Our greatest hope for reform is the postmarket setting. It is astounding to me that we do not track devices in a standardized manner in the real world. Cardiology has been a leader when it comes to well-defined registries—the Society of Thoracic Surgeons and American College of Cardiology created the STS/ACC TVT Registry, for example—but those endeavors require significant time, resources, and labor, and not every device type has its own registry.
Something our team is really excited about is unique device identifiers, which can be used to track a specific device across the entire healthcare system.

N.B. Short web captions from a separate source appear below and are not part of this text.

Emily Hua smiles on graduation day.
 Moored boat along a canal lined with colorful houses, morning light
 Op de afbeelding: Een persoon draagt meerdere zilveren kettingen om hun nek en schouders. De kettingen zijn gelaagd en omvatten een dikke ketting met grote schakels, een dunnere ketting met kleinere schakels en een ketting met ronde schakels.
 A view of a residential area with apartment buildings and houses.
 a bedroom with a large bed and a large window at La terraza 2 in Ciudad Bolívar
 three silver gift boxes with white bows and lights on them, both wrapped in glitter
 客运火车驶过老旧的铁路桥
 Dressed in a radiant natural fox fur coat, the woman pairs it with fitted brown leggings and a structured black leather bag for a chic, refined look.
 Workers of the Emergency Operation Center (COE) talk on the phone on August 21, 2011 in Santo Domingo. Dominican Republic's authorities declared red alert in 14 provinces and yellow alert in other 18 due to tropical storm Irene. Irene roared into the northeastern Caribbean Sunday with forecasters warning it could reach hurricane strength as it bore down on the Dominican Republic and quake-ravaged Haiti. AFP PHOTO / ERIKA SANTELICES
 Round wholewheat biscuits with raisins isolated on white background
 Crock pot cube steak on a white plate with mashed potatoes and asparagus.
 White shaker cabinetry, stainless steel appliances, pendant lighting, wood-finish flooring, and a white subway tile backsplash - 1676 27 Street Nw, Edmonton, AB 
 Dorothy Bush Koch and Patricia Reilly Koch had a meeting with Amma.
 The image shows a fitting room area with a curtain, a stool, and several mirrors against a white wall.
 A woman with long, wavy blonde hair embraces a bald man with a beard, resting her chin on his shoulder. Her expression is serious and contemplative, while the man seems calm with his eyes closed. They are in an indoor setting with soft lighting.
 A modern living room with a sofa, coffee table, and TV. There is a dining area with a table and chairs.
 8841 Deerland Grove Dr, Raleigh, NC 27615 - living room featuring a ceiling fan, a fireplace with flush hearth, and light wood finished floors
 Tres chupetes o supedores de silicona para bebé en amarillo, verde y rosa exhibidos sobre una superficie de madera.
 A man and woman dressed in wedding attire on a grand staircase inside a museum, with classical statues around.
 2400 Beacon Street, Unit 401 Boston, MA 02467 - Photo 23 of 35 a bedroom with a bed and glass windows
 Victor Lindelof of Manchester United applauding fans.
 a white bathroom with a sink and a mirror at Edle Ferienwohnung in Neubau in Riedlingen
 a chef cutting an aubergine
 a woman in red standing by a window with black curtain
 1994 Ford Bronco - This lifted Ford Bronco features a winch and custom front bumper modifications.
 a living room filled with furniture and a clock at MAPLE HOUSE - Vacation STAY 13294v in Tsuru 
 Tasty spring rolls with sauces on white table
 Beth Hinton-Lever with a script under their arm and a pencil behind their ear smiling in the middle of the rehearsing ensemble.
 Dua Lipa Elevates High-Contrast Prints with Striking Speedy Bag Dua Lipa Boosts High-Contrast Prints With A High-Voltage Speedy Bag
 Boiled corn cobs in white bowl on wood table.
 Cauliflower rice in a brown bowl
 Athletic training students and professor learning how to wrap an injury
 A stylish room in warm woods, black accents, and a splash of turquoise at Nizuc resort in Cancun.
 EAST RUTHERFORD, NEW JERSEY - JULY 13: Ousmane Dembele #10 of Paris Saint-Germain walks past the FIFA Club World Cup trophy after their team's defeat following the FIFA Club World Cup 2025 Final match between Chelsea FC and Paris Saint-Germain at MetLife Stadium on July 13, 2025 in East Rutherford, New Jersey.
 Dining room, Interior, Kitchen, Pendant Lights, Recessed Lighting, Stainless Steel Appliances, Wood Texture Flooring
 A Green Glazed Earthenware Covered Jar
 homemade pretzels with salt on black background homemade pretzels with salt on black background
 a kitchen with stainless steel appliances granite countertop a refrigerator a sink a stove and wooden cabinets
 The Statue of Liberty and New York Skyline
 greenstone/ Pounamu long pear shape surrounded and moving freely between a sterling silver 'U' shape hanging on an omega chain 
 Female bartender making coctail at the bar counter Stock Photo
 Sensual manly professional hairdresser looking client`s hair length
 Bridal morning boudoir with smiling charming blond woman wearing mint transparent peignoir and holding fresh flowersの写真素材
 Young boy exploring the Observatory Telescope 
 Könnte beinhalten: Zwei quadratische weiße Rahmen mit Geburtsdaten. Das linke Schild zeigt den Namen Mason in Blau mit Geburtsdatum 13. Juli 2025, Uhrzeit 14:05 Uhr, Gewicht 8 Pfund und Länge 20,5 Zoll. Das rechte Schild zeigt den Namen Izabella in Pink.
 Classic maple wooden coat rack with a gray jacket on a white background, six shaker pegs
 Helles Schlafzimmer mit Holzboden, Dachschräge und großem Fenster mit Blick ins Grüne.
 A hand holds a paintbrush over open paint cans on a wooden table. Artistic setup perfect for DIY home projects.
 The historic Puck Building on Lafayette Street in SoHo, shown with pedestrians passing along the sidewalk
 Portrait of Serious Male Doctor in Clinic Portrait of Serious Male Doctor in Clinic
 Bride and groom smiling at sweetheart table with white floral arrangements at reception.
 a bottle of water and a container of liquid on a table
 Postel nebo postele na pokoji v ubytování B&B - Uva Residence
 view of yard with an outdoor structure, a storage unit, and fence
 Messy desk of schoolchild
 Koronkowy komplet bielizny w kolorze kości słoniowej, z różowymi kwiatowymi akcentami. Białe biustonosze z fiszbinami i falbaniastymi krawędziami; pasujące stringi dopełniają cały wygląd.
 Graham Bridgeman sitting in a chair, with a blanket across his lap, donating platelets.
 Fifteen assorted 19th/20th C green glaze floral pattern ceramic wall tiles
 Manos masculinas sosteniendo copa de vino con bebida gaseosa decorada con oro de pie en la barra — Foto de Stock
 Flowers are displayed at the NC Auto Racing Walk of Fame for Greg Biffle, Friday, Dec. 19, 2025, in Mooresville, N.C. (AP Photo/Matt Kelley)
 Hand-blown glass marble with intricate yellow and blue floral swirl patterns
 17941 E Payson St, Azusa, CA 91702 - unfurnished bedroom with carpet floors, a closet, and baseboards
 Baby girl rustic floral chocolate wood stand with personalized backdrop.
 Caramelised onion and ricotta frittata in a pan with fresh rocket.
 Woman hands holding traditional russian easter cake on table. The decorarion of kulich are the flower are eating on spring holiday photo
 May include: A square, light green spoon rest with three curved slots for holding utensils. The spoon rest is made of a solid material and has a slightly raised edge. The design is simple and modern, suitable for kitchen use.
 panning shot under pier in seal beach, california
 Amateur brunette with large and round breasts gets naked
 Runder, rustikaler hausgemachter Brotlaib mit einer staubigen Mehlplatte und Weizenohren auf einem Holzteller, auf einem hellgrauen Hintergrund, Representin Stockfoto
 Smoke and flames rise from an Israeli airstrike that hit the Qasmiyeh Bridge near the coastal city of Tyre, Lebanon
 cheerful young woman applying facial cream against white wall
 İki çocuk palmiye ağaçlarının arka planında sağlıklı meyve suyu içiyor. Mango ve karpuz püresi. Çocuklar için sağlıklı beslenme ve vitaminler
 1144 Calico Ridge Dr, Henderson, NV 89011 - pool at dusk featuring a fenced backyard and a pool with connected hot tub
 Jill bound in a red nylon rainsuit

Congress asked for this in multiple pieces of legislation and FDA has spent a decade working on it—but it is entirely useless right now, because these identifiers have not been integrated into our broader healthcare system. It’s like every item in your grocery store getting a barcode, but then when a customer buys a box of cereal, the cashier is unable to scan the barcode.
For drugs, a universal labeling system has been in place for years now. It is particularly jarring that the same thing is not in place for medical devices, because that would improve safety and it could also help with device innovation. I hope our study can help provide some momentum for that kind of reform.
Any other key takeaways from your research you’d like to share?
There are a lot of efforts right now to expedite device innovation—and those are really welcome, because we know advances in device technology can make a big difference for patients and clinicians—but we have noticed some inconsistencies. For example, the FDA’s Breakthrough Devices Program and other similar programs typically have increased flexibility in the premarket stage with an expectation that there will be more data collection in the postmarket stage. However, researchers have raised concerns about the adequacy of those postmarket requirements in practice. It’s a cautionary tale for the importance of making sure you set up robust evidence-generation systems across the life cycle of a device.
I also want to acknowledge that the FDA has done a lot of great work to try to improve device safety, including working to reform the 510(k) pathway. Last September, the FDA issued three draft guidances that represented some of the biggest changes ever to that pathway, and we actually just published an analysis of those proposals.[2] A lot of pieces are starting to fit together, and I’m hopefully we will see some meaningful change soon.